**What the exercise asks**
Restate all the lines below word for word, but omit the pictures.

**Collected material**
Content starts

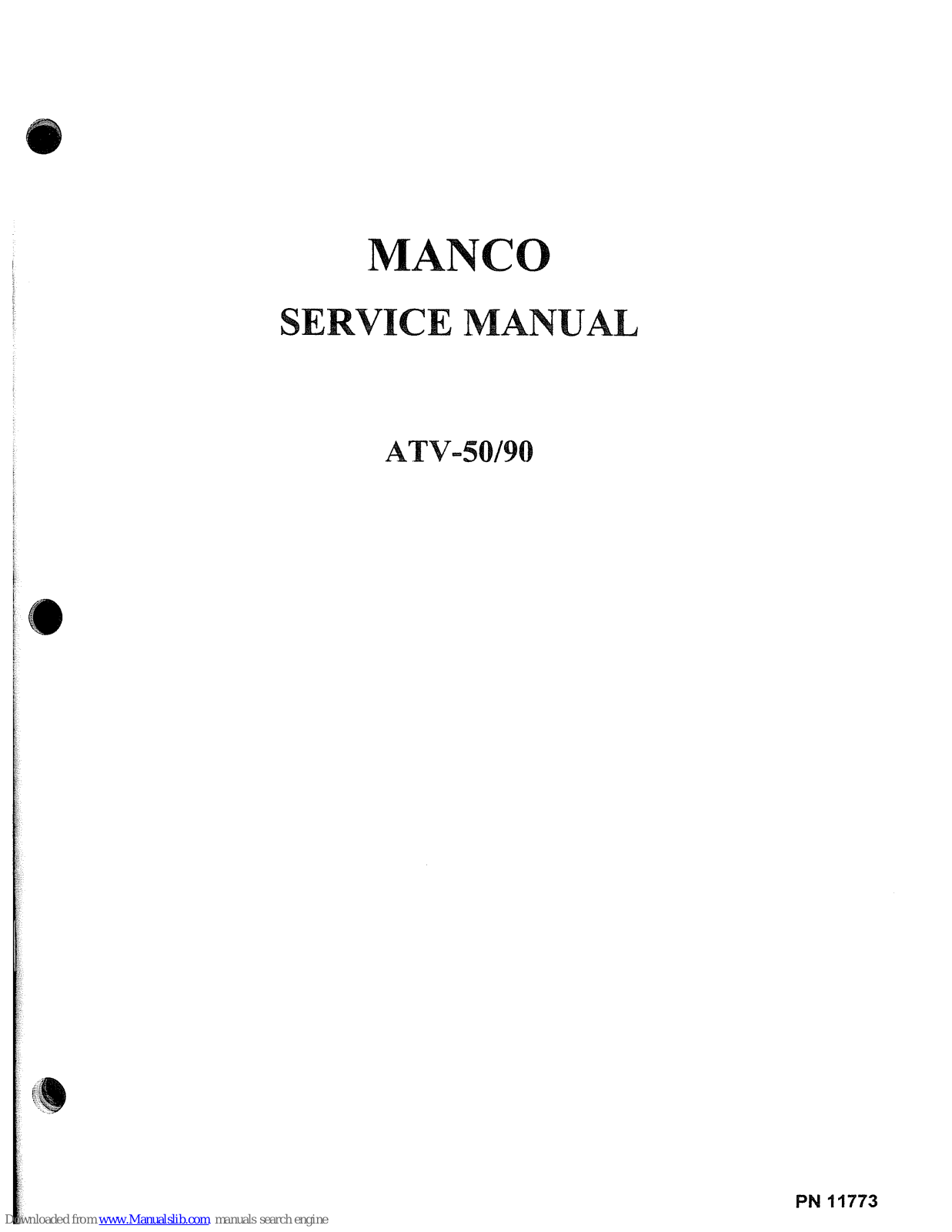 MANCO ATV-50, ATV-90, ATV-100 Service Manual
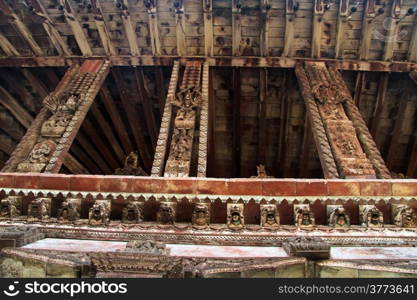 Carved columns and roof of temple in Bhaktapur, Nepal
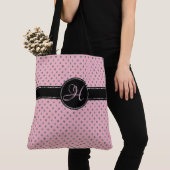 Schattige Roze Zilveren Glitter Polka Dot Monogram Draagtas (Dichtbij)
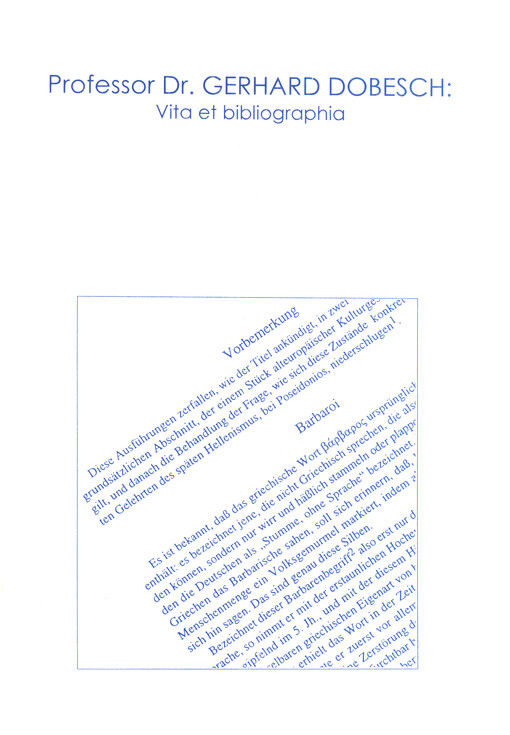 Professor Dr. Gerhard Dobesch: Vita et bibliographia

Content ends

**Exercise response**
 MANCO ATV-50, ATV-90, ATV-100 Service Manual
 Carved columns and roof of temple in Bhaktapur, Nepal
 Schattige Roze Zilveren Glitter Polka Dot Monogram Draagtas (Dichtbij)
 Professor Dr. Gerhard Dobesch: Vita et bibliographia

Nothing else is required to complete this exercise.